ABOUT THIS TASK:
Once you find the line with "September ‘25 Soybean chart" in the data below, transcribe exactly each line from there to the line with "Given name Hightower", inclusive, and nothing else. Drop the pictures.

STORED DATA:
··········
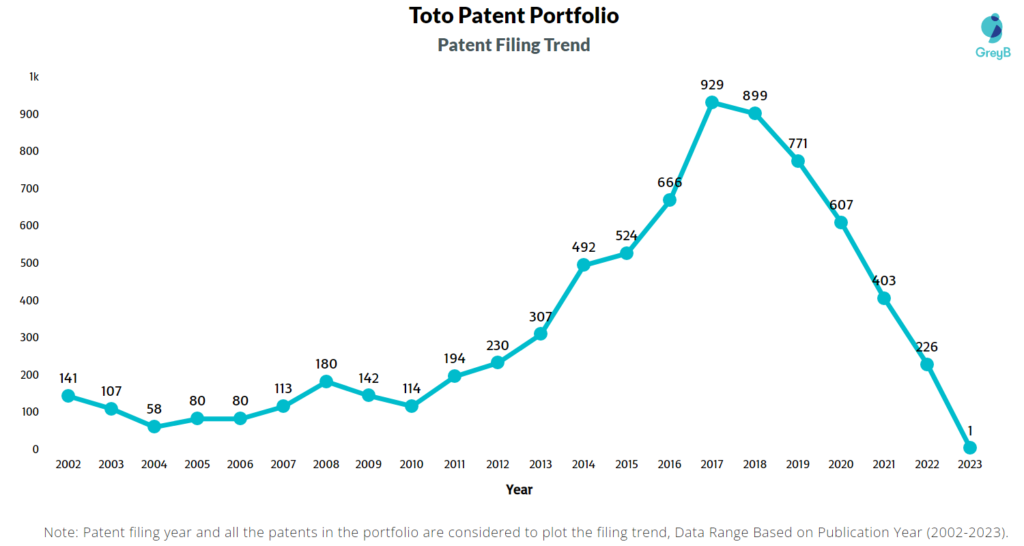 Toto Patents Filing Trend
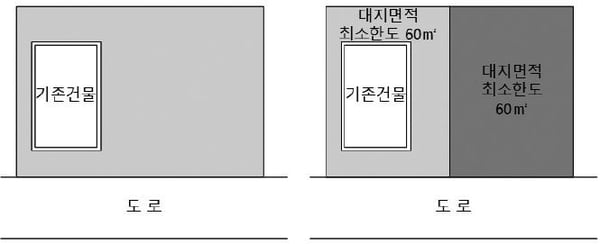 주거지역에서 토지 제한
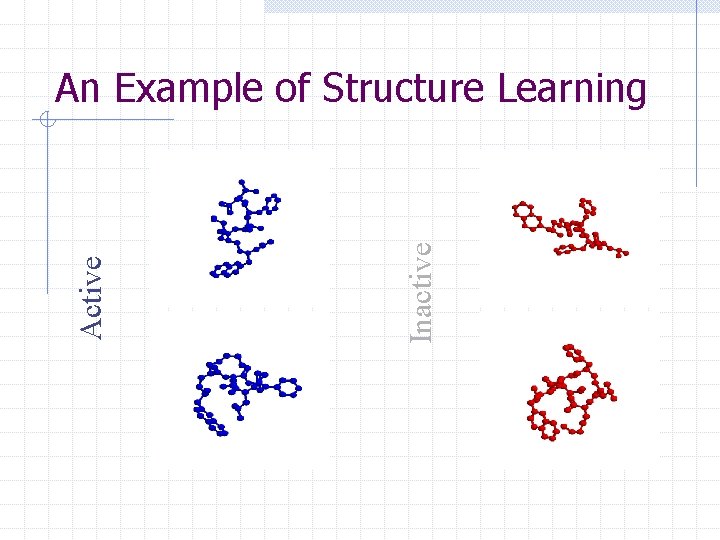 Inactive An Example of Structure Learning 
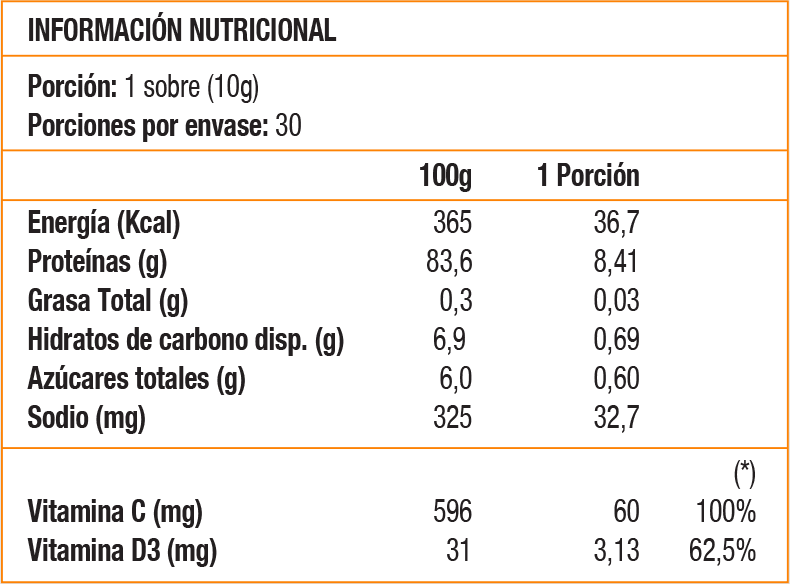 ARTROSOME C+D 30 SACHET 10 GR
··········
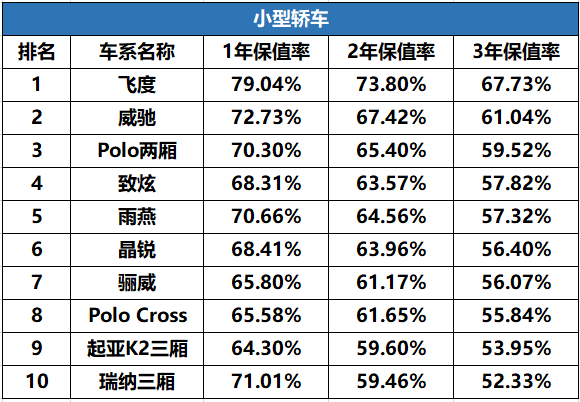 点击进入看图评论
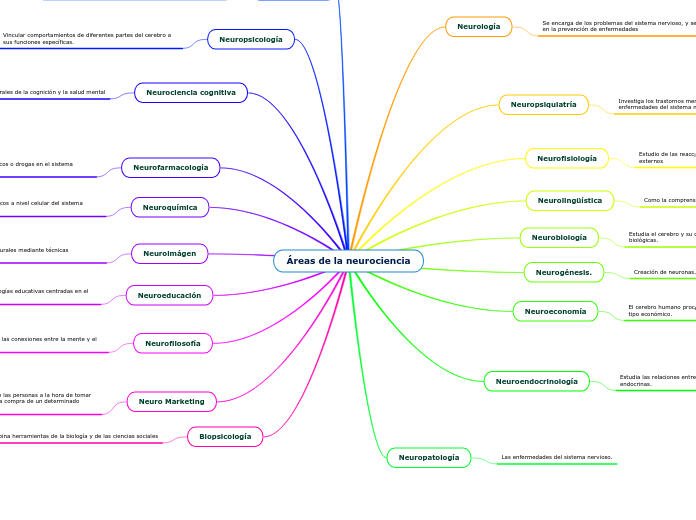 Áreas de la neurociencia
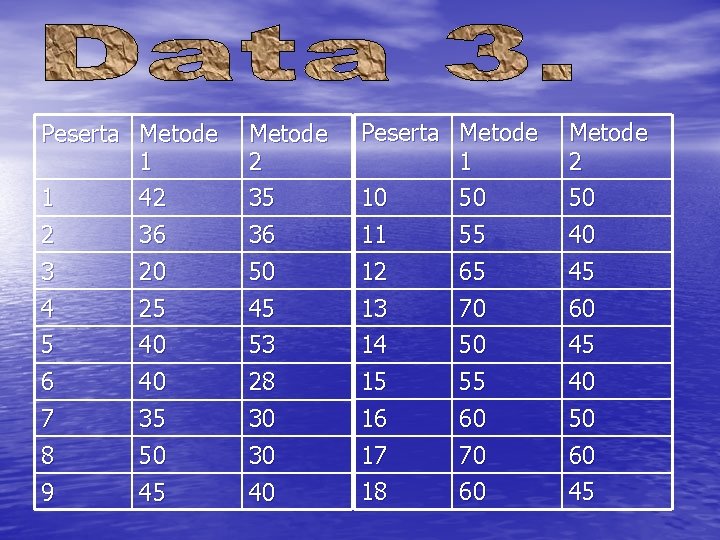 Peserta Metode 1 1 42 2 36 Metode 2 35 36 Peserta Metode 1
··········
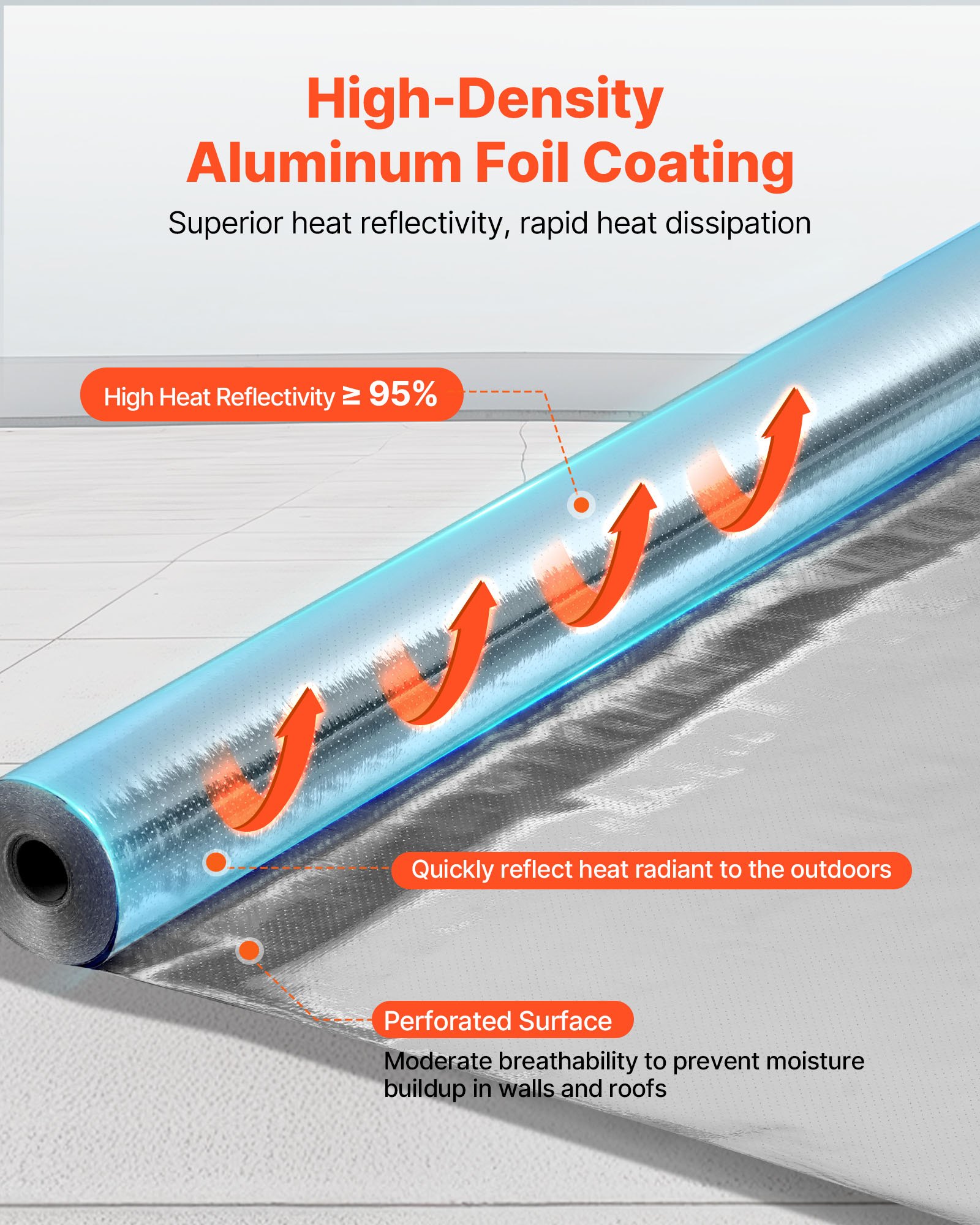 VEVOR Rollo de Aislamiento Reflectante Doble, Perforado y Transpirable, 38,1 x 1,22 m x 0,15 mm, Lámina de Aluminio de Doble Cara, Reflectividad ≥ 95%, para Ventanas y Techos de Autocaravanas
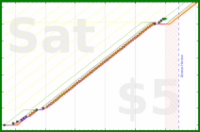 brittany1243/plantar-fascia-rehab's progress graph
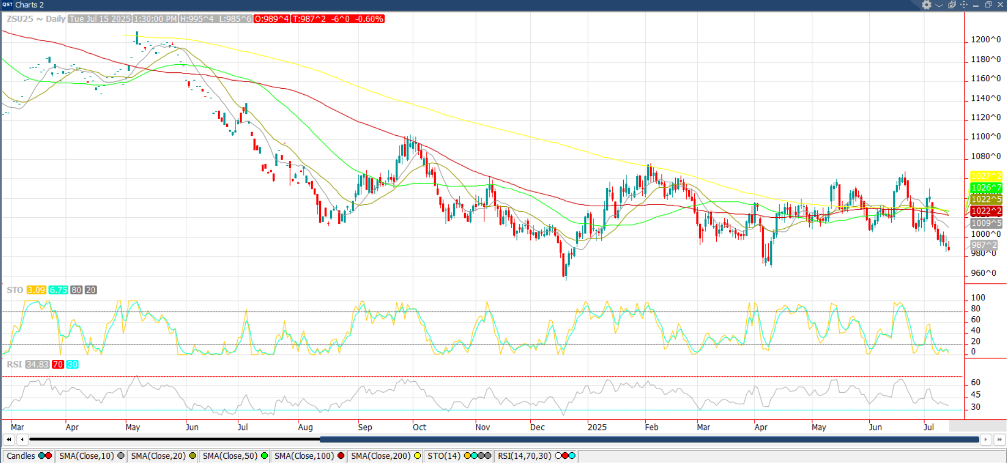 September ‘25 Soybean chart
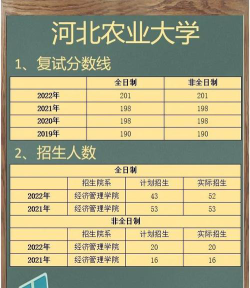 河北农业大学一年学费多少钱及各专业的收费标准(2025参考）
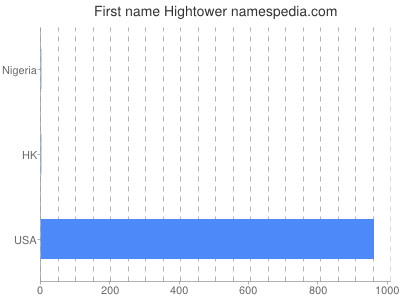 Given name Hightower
··········
ANSWER TO THE EXERCISE:
 September ‘25 Soybean chart
 河北农业大学一年学费多少钱及各专业的收费标准(2025参考）
 Given name Hightower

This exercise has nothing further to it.